If so, I guess this would be a serious competition only thing because you wouldn’t want them off for hours.

2 comments

FINA competition pool standards have recirculation minimum standards, and pumps run continuously. Further, "water distribution has to be such that no appreciable current or turbulence is created. 'Appreciable current' is defined as water movement that can move a floating basketball (filled with 6 litres of water to obtain the right buoyancy) in one direction for more than 1,25m in 60 seconds."

<https://resources.fina.org/fina/document/2022/02/08/77c3058d...> (PDF)

Most competitive swimming pools have a large number of inlets with diffusers on them, laid out every 2m or so across the pool floor.

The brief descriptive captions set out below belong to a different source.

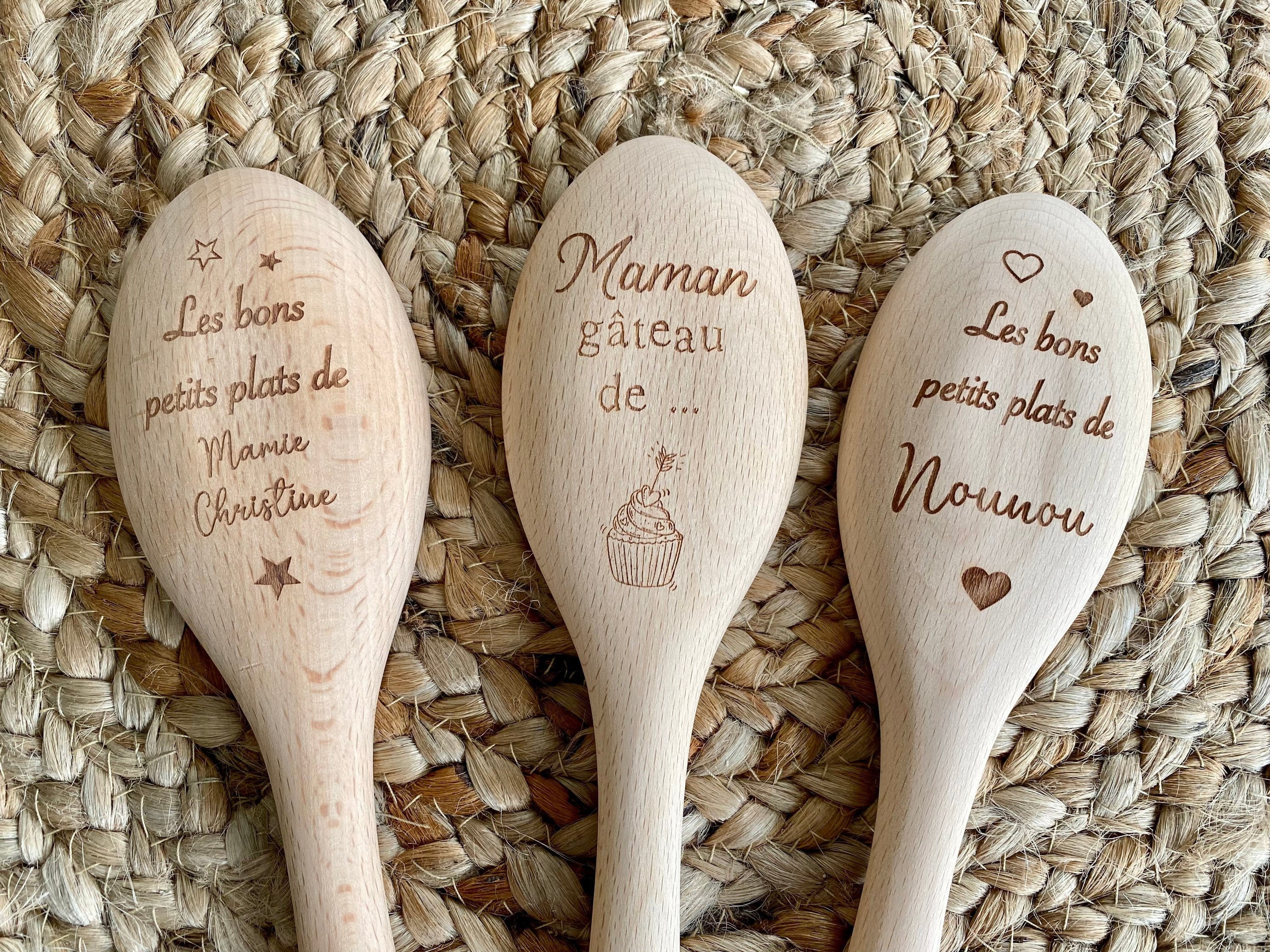 Cuillère en Bois de Cuisine Personnalisée, Gravure Laser Idéal Pour Maman, Mamie, Nounou, Bonne Fête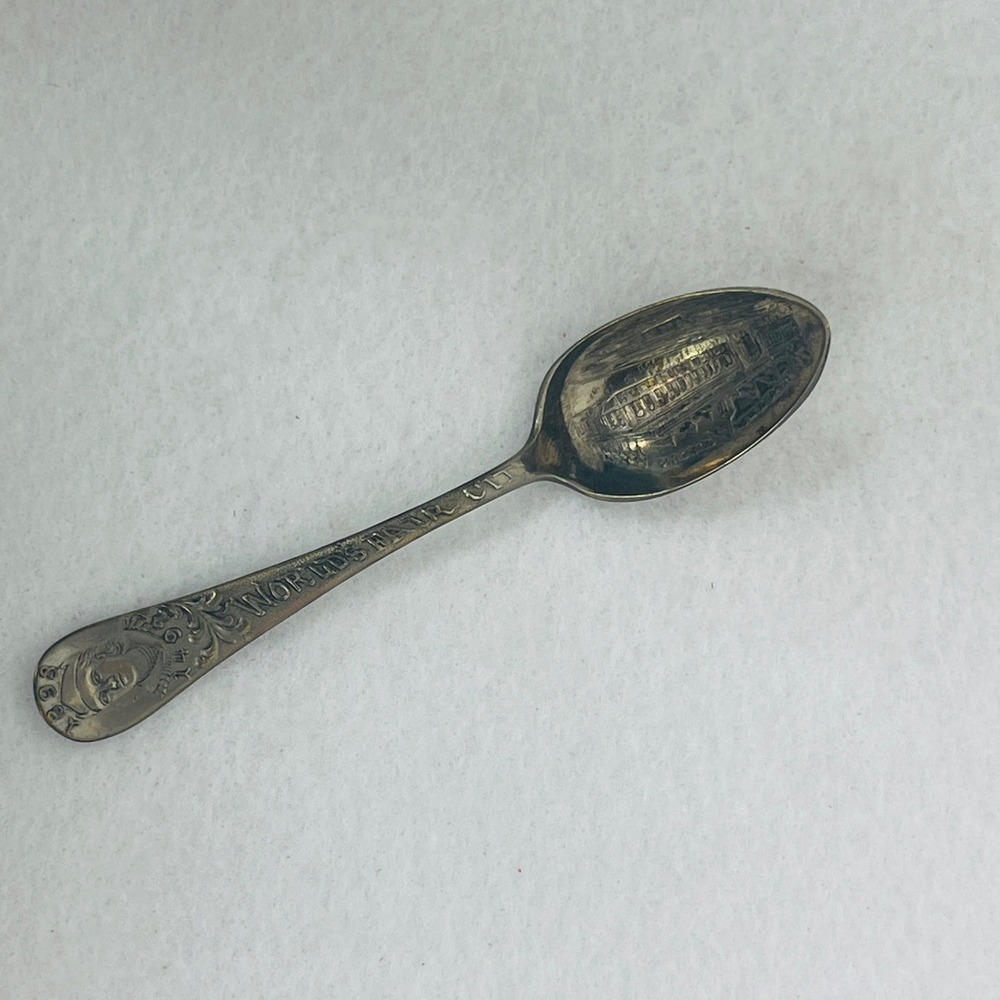 1893 Chicago World's Fair Souvenir Spoon Transportation Building Columbus Good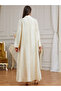 Women Texture Fabric Faux Pearl Tassel Jalabiya - 4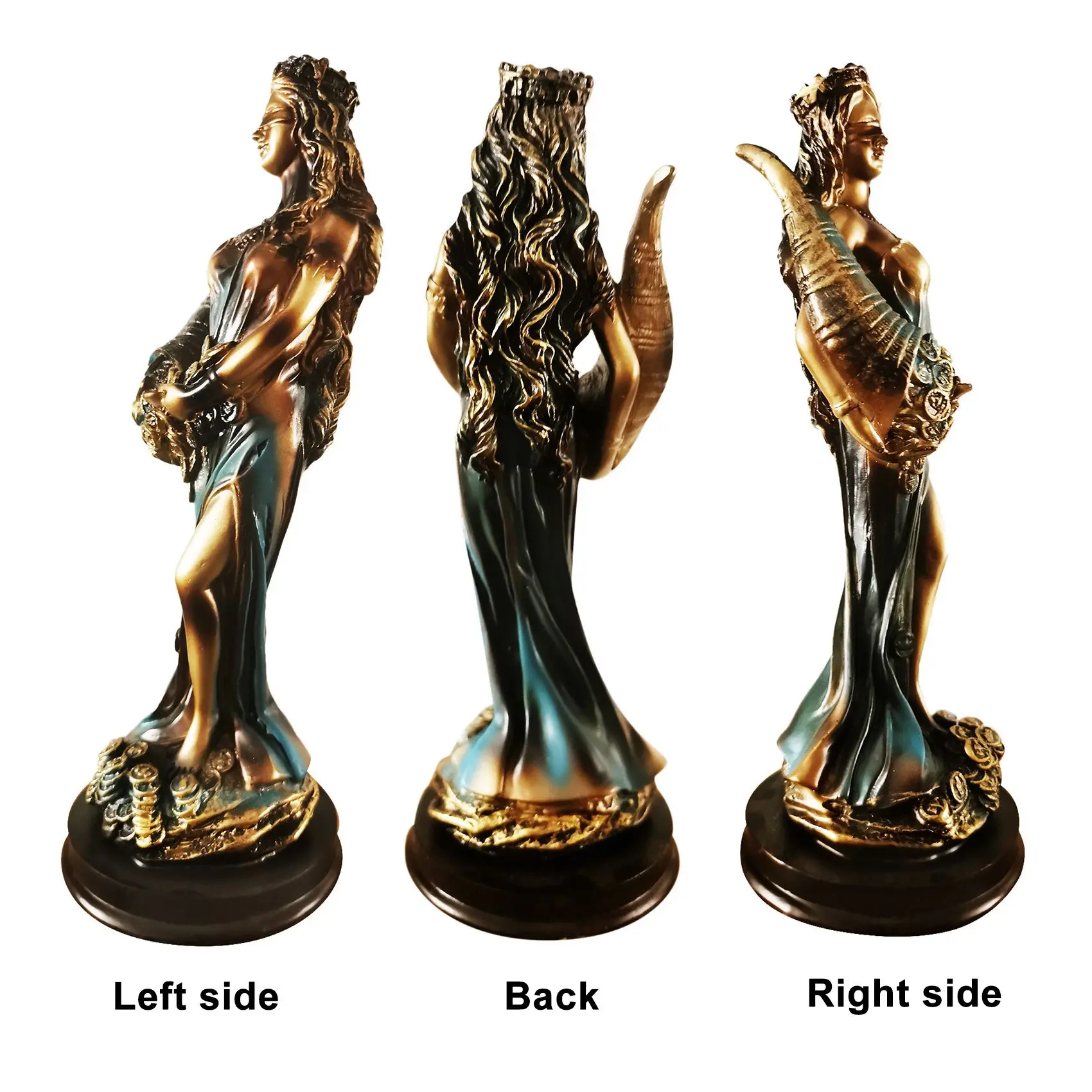 AT77 ปิดตา Fortuna รูปปั้นกรีกโบราณโรมันเทพธิดาแห่งโชคลาภ Vintage Blue Luck ประติมากรรมโชคตกแต่งสําหรับ Home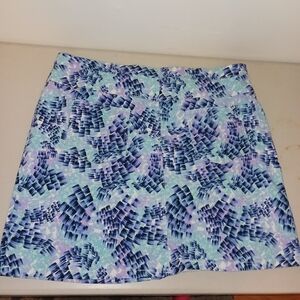 Skort Plus Size 18 Abstract print Pockets Stretch Purples Blues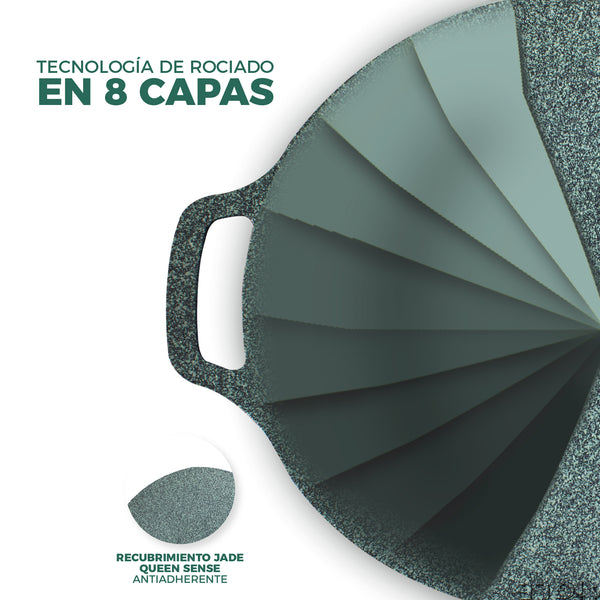 Queen Sense Set Comal De Jade Pro 36cm Y Dispensador De Aceite En Brocha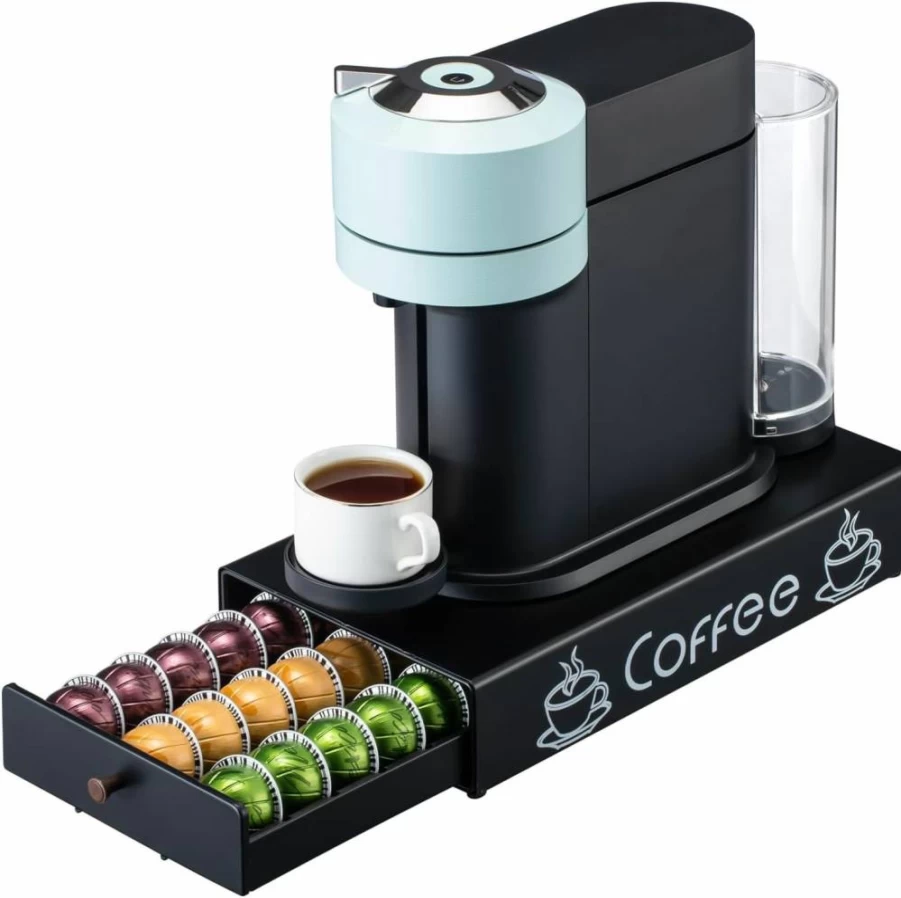 Rice Rat Nespresso Pod Storage Organizer - 8.3" Wide Countertop Drawer Holds 30 Coffee Capsules, Compact 16.5" Deep x 3.5" High Cabinet for VertuoLine & OriginalLine Pods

Those are circular disks about 10cm in diameter, looking vaguely like this:

  __________
  \________/
   |      |

    ^^^^^^
The carets indicate inlet water flow beneath the diffusers. The effect is that water entering the pool largely moves perpendicular to the pool floor, and slowly diffuses upwards. Water return is through the (large, wide, deep) gutters.

Because the gutters are continuously removing water from the pool, circulation needs to be on to maintain a consistent fill level.

They do, but circulation cannot be totally stopped. This is a greater problem in outdoor pools but any pool will have some sort of temperature gradient that will inevitably result in circulation. Any water movement means slower times, at least in those events longer than 50m (1 length).
Surely that has far less effect than that of all the other swimmers? Naïvely I would think we should be running time trials of a single swimmer at a time before caring about any of this?